THE DATA:
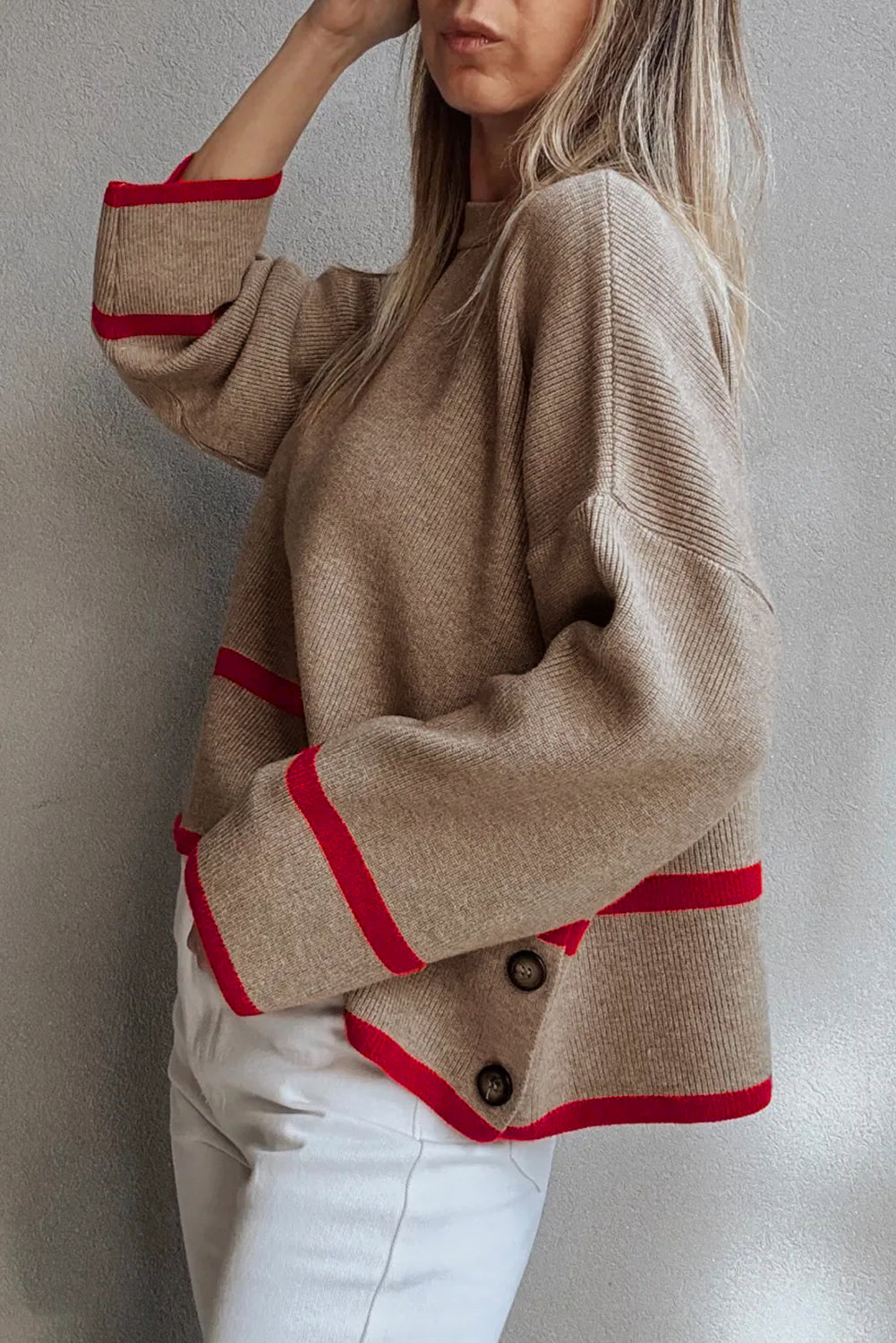 Simply Taupe Ribbed Knit Contrasted Stripe Detail Button Side Loose Sweater Online Only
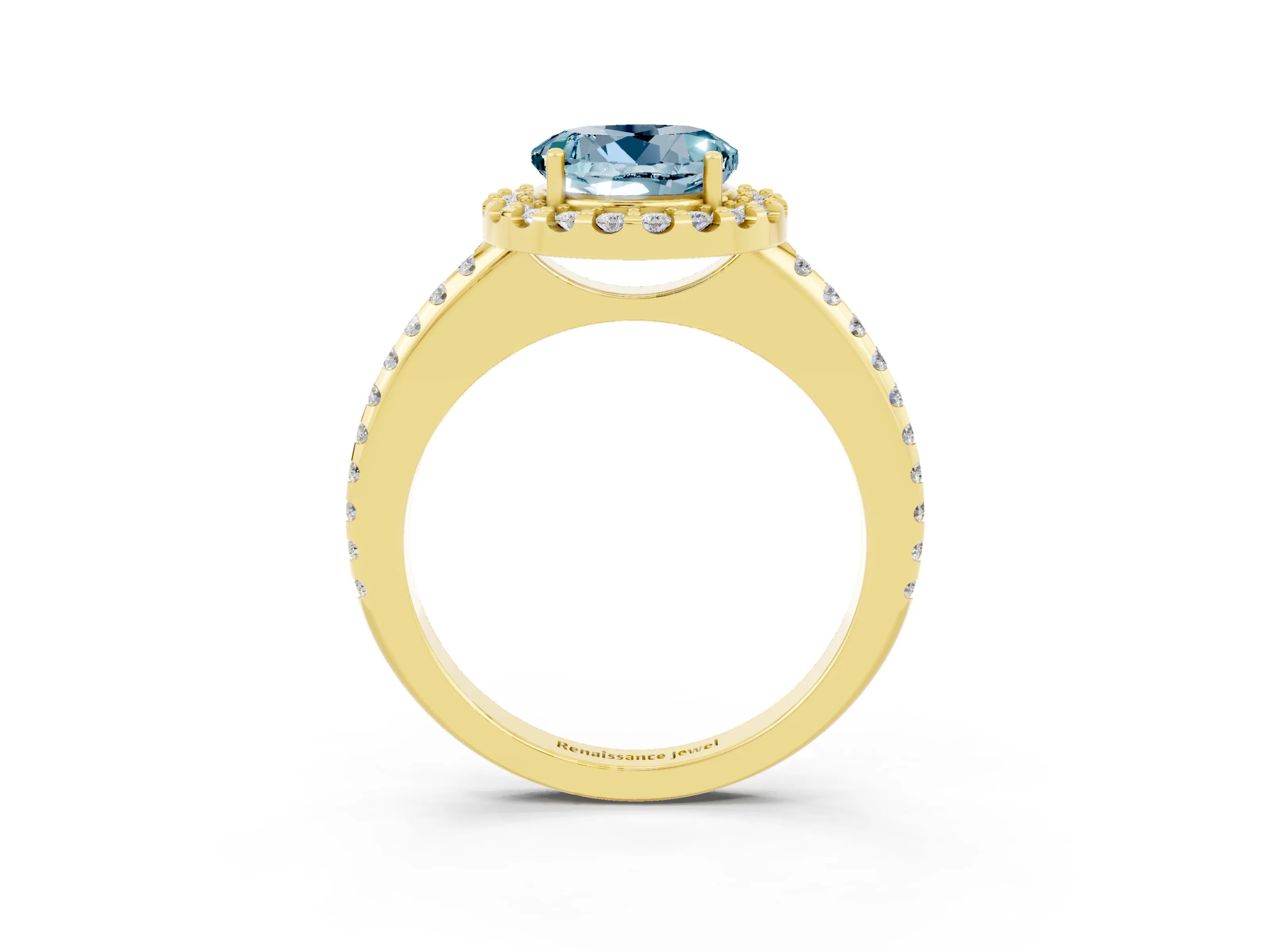Yellow gold Round Cut Aquamarine Pavé Halo Ring with Four-Prong Setting_15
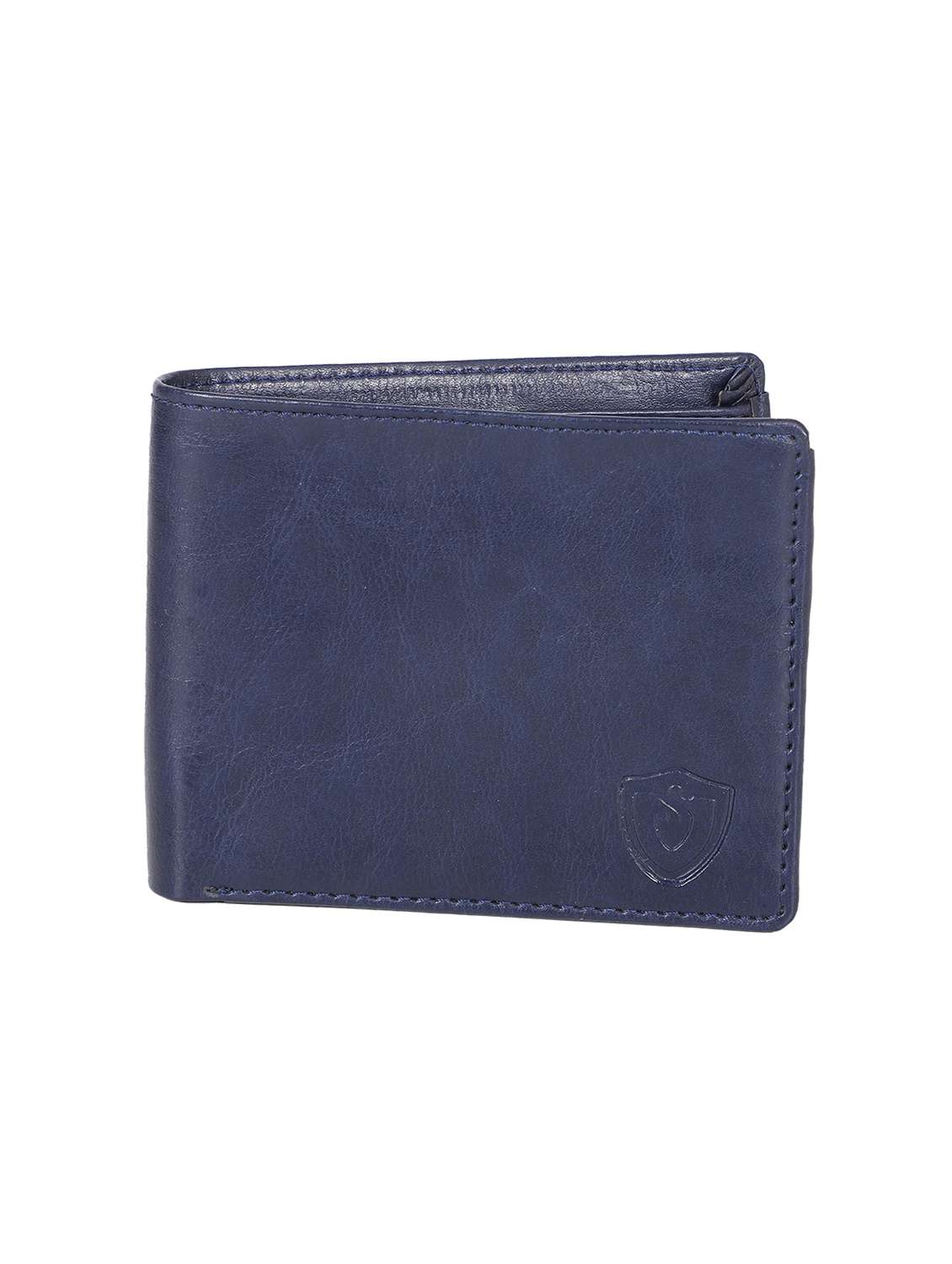 navy blue leatherette wallet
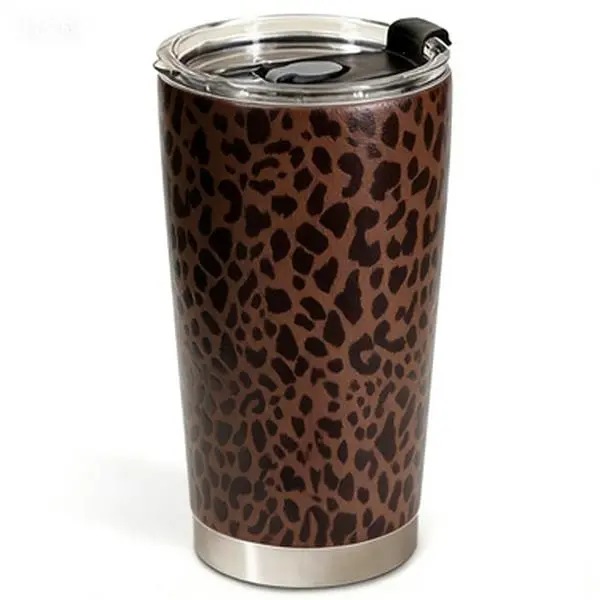 Leopard Print Insulated Mug - Stainless Steel 12 oz Capacity | Keep Drinks Warm 6+ Hours | Perfect for Commuting & Travel | Valentine's Gift Idea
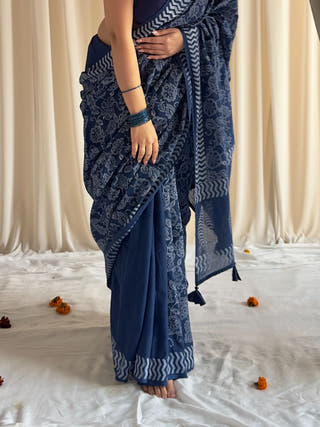 Jodha Blue Half & Half Hand Block Printed Mulmul Cotton Saree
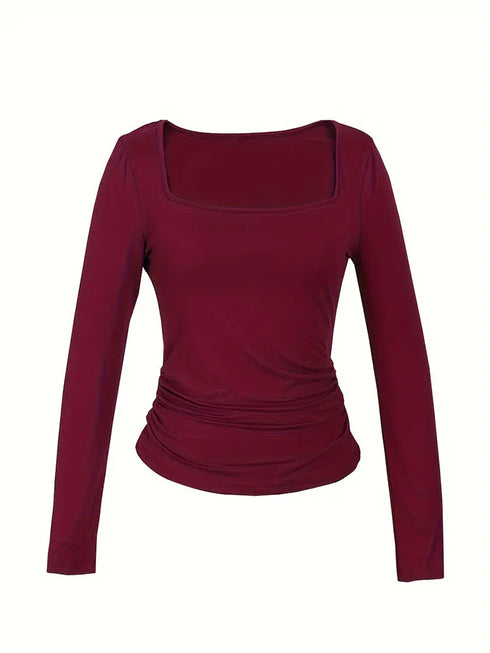 Hot Basic Square Neck Slim Women's Bottoming Clothing Casual Solid Long Sleeve Tops Versatile Fashion Multi-Color Blouse Gifts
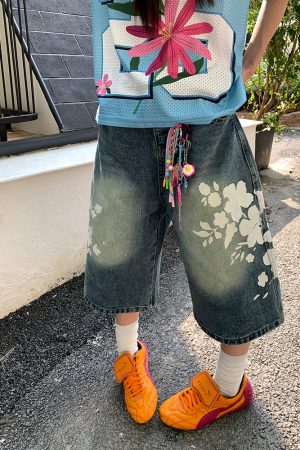 Unisex High Street Floral Print Washed Denim Shorts - Summer Straight Loose Wide-Leg 90s Style Seven-Point Pants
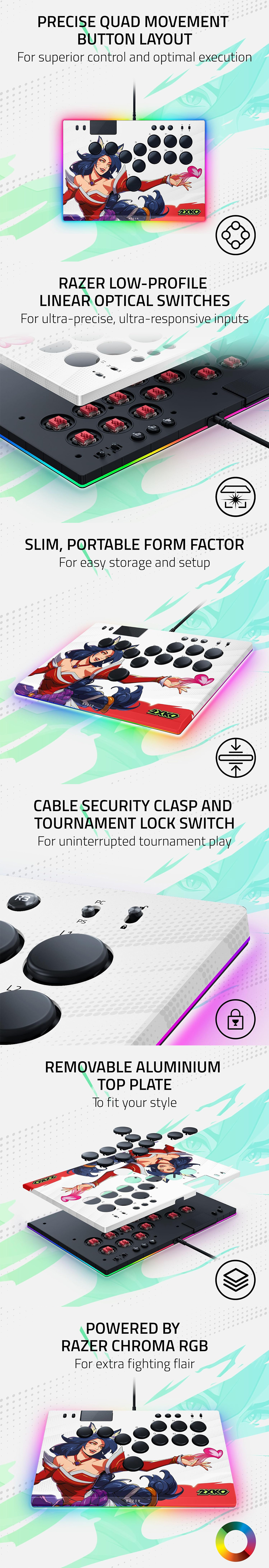 Razer Kitsune RGB All-Button Optical Arcade Controller, 2XKO Edition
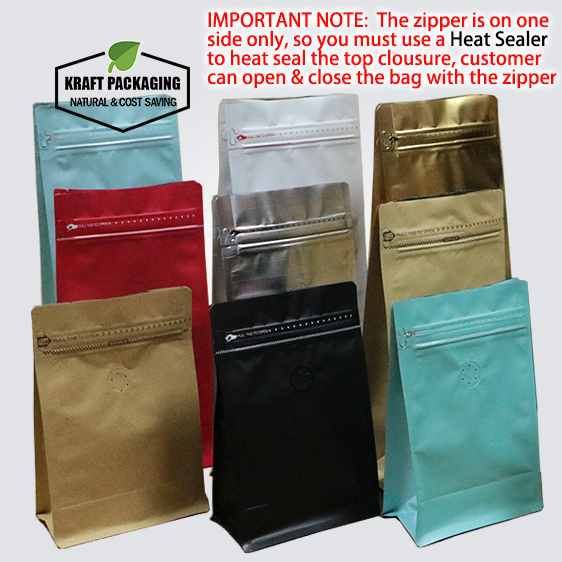 Thumbnail: Heat Seal Side Gusset Colorful Coffee Bags with One Way Valve and Zipper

WHAT YOU ARE ASKED TO DO: Transcribe exactly, and without any pictures, each line from the one that holds "Hot Basic Square" through the final line of the material above.

OUTPUT:
 Hot Basic Square Neck Slim Women's Bottoming Clothing Casual Solid Long Sleeve Tops Versatile Fashion Multi-Color Blouse Gifts
 Unisex High Street Floral Print Washed Denim Shorts - Summer Straight Loose Wide-Leg 90s Style Seven-Point Pants
 Razer Kitsune RGB All-Button Optical Arcade Controller, 2XKO Edition
 Thumbnail: Heat Seal Side Gusset Colorful Coffee Bags with One Way Valve and Zipper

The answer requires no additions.